Easy pretzel rolls
Yield 12 rolls
- 1-1/2 cups lukewarm water
- 1 packet active dry or instant yeast
- 4 tablespoons unsalted butter, divided into 1 tablespoon and 3 tablespoons
- 1 teaspoon salt
- 1 tablespoon brown sugar
- 3-3/4 to 4 cups all-purpose flour, plus more for work surface
- coarse sea salt for sprinkling
Baking soda bath
- 1/2 cup baking soda
- 9 cups water
- In a small bowl, whisk yeast and warm water together. Allow to sit for one minute.
- Meanwhile, melt one tablespoon butter.
- Whisk in salt, brown sugar and melted butter into the yeast. Slowly add three cups of flour, one cup at a time. Mix with a wooden spoon or in a stand mixer with the dough hook attached. The dough should be thick.
- Add 3/4 cup more flour and mix until the dough is no longer sticky. If it is still sticky, add 1/4 - 1/2 cup more, as needed. Poke the dough with your finger: if it bounces back, it is ready to knead.

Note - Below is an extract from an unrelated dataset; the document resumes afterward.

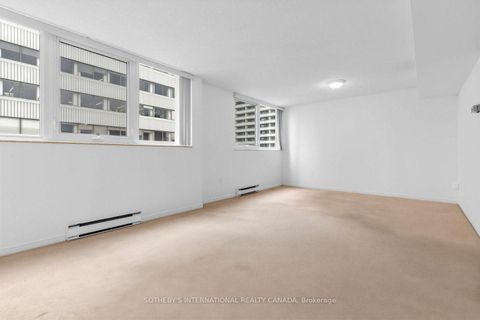Photo 16 at PH6 - 360 Bloor Street E, Moore Park, Toronto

- Turn the dough out onto a floured surface. Knead the dough for three minutes and shape into a ball. At this point, it dough can be frozen (see freezing instructions below).

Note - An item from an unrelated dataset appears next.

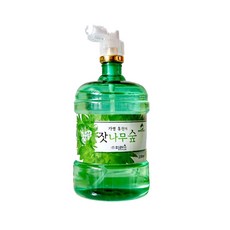 천연방향제 잣나무숲 230ml 잣나무피톤치드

- Place in a large greased bowl, cover tightly with plastic wrap, and allow to rise in a warm environment for one hour or until nearly doubled in size. (Hint: Preheat oven to 200F, turn it off, place the dough inside and shut the oven.)
- Once risen, punch dough down to release any air bubbles. Turn out onto a lightly floured surface and, with a sharp knife or pizza cutter, cut the dough into 12 portions. Shape into balls.
- Preheat oven to 400F. Line two baking sheets with parchment paper or silicone baking mats OR line a 9x13 baking pan. Set aside.
- Bring baking soda and 9 cups of water to a boil in a large pot. Drop 1-2 pretzel rolls into the boiling water for 20-30 seconds (any more than that and your pretzels will have a metallic taste). Using a slotted spatula, lift the pretzel roll out of the water and allow as much of the excess water to drip off. Place pretzel rolls onto prepared baking sheet or close together in a baking pan. Using a sharp knife, score a couple slits into the top of each.
- Melt the remaining butter. Lightly brush each roll with melted butter and sprinkle with coarse sea salt.
- Bake for 22-26 minutes or until a deep golden brown on all sides.
- Remove from the oven and serve warm. Pretzel rolls may be stored in an airtight container or zipped top bag for up to three days (they lose a little softness).
Make ahead tip: Pretzel roll freeze well, up to two months. To reheat, bake frozen pretzel rolls at 350F for 20 minutes or microwave until warm. The prepared pretzel dough can be refrigerated for up to one day or frozen in an airtight container for 2-3 months. Thaw frozen dough in the refrigerator overnight. Bring to room temperature, then allow to rise and continue with step 6.